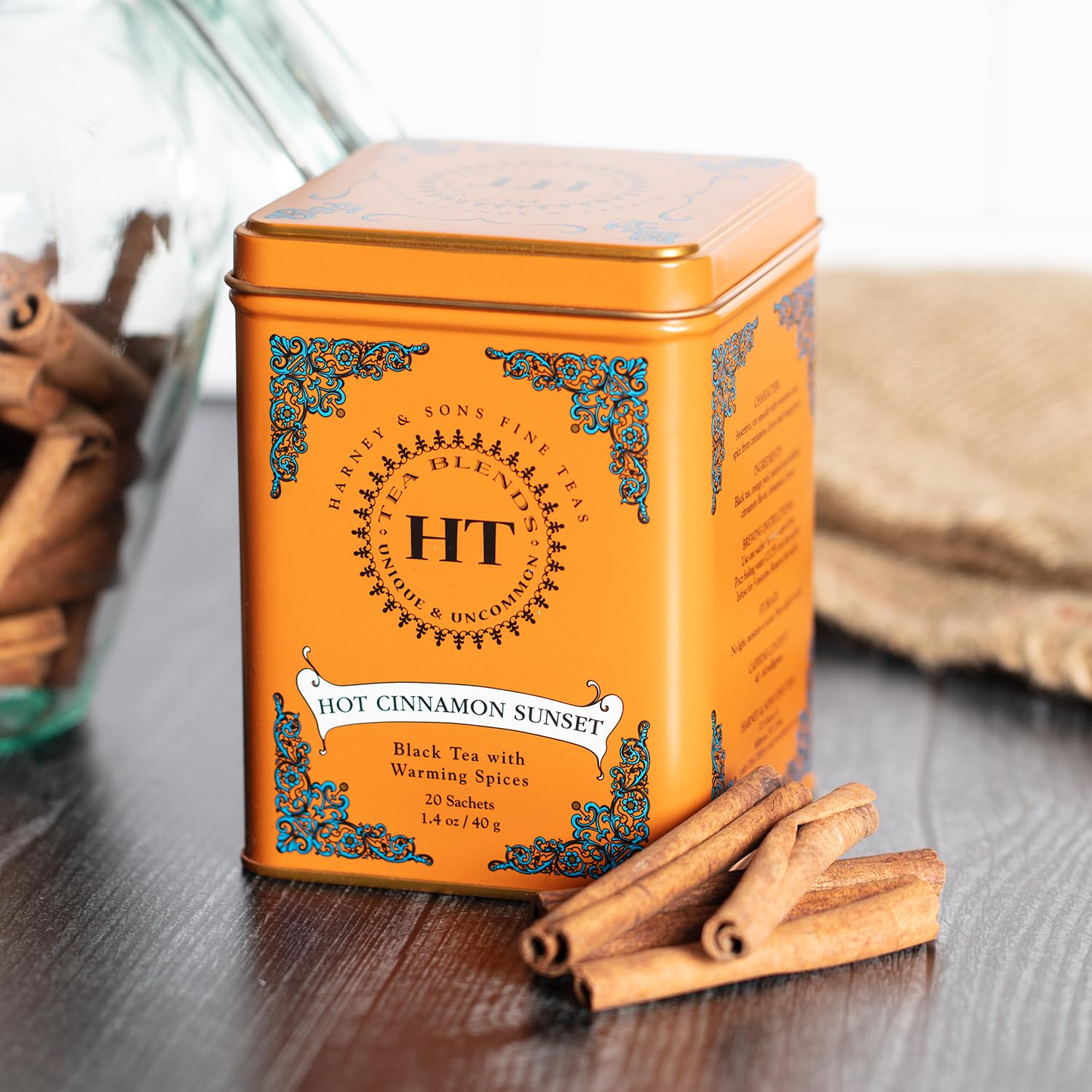 Harney & Sons Caffeinated Hot Cinnamon Sunset Black Tea with Orange and Cloves Tin 20 Sachets (Pack of 1) - Image 7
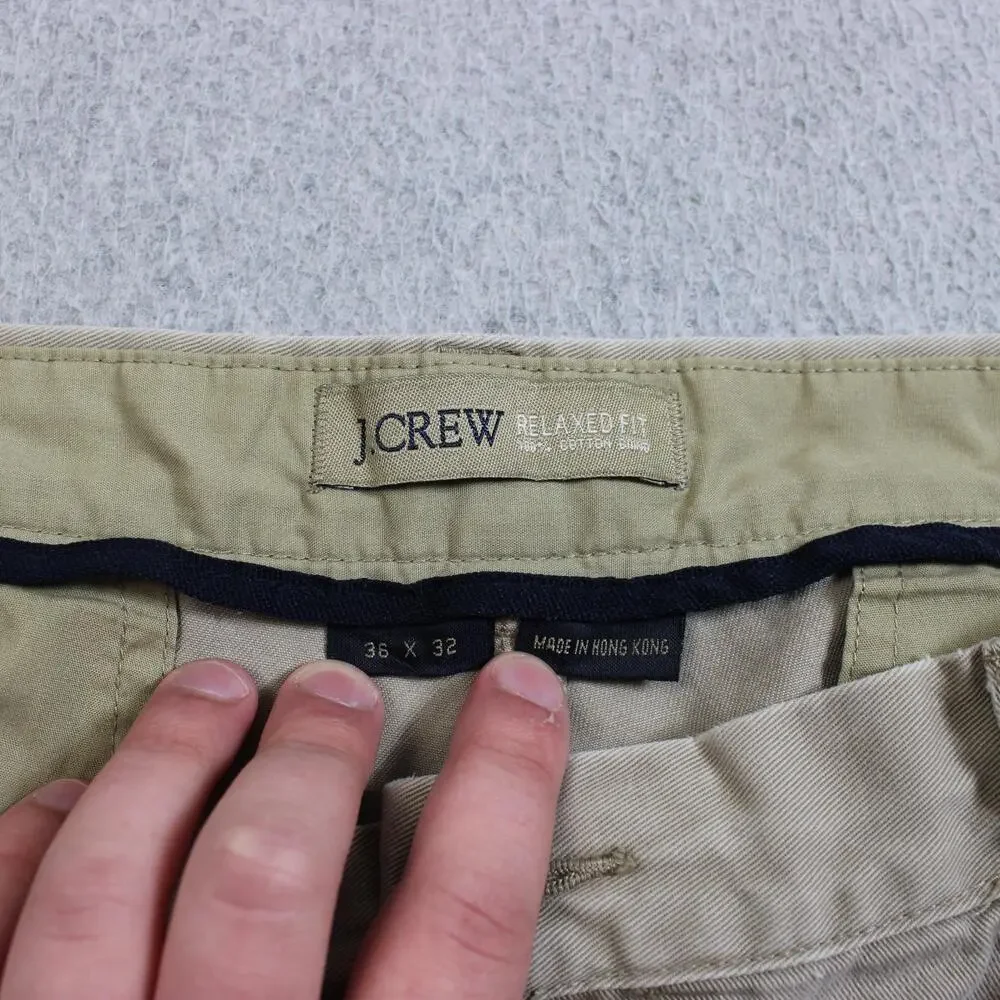 Vintage J Crew Pants Men 36x32 Beige Relaxed Fit Pleat Chino Hong Kong Heritage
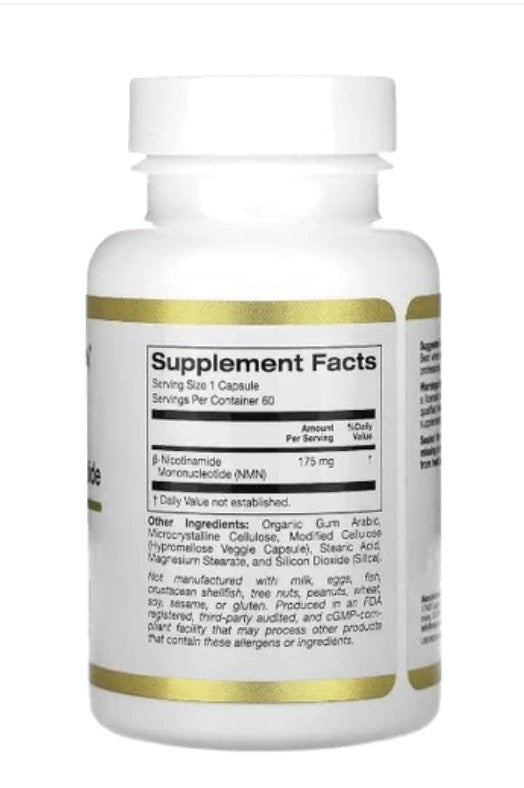 California Gold Nutrition NMN 175 mg - 60 Veggie Capsules, 60 Servings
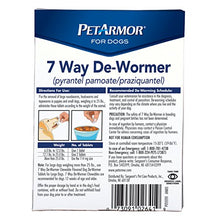 Load image into Gallery viewer, PetArmor 7 Way De-Wormer (Pyrantel Pamoate and Praziquantel) for Dogs, Includes Chewable Flavored Dog De-Wormer Tablets for Small dogs and puppies 6.0 to 25 pounds.
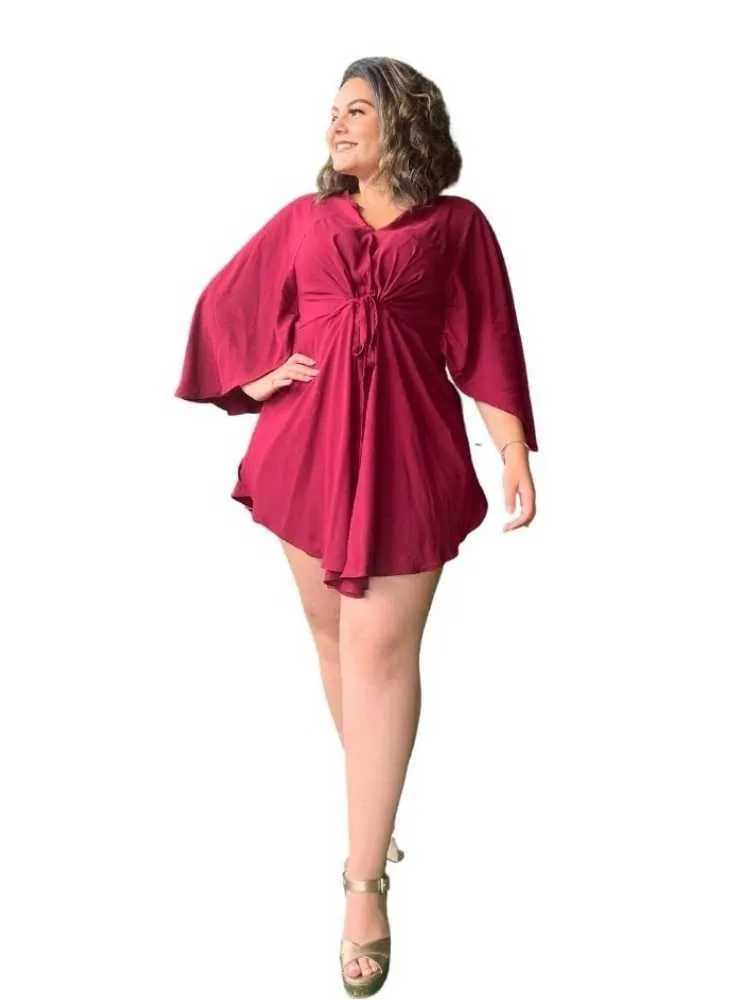 Vestido Curto Kimono Kamila Marsala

● ● ●

Above are the records; reproduce them exactly and leave out the pictures.

 Harney & Sons Caffeinated Hot Cinnamon Sunset Black Tea with Orange and Cloves Tin 20 Sachets (Pack of 1) - Image 7
 Vintage J Crew Pants Men 36x32 Beige Relaxed Fit Pleat Chino Hong Kong Heritage
 California Gold Nutrition NMN 175 mg - 60 Veggie Capsules, 60 Servings
 Load image into Gallery viewer, PetArmor 7 Way De-Wormer (Pyrantel Pamoate and Praziquantel) for Dogs, Includes Chewable Flavored Dog De-Wormer Tablets for Small dogs and puppies 6.0 to 25 pounds.
 Vestido Curto Kimono Kamila Marsala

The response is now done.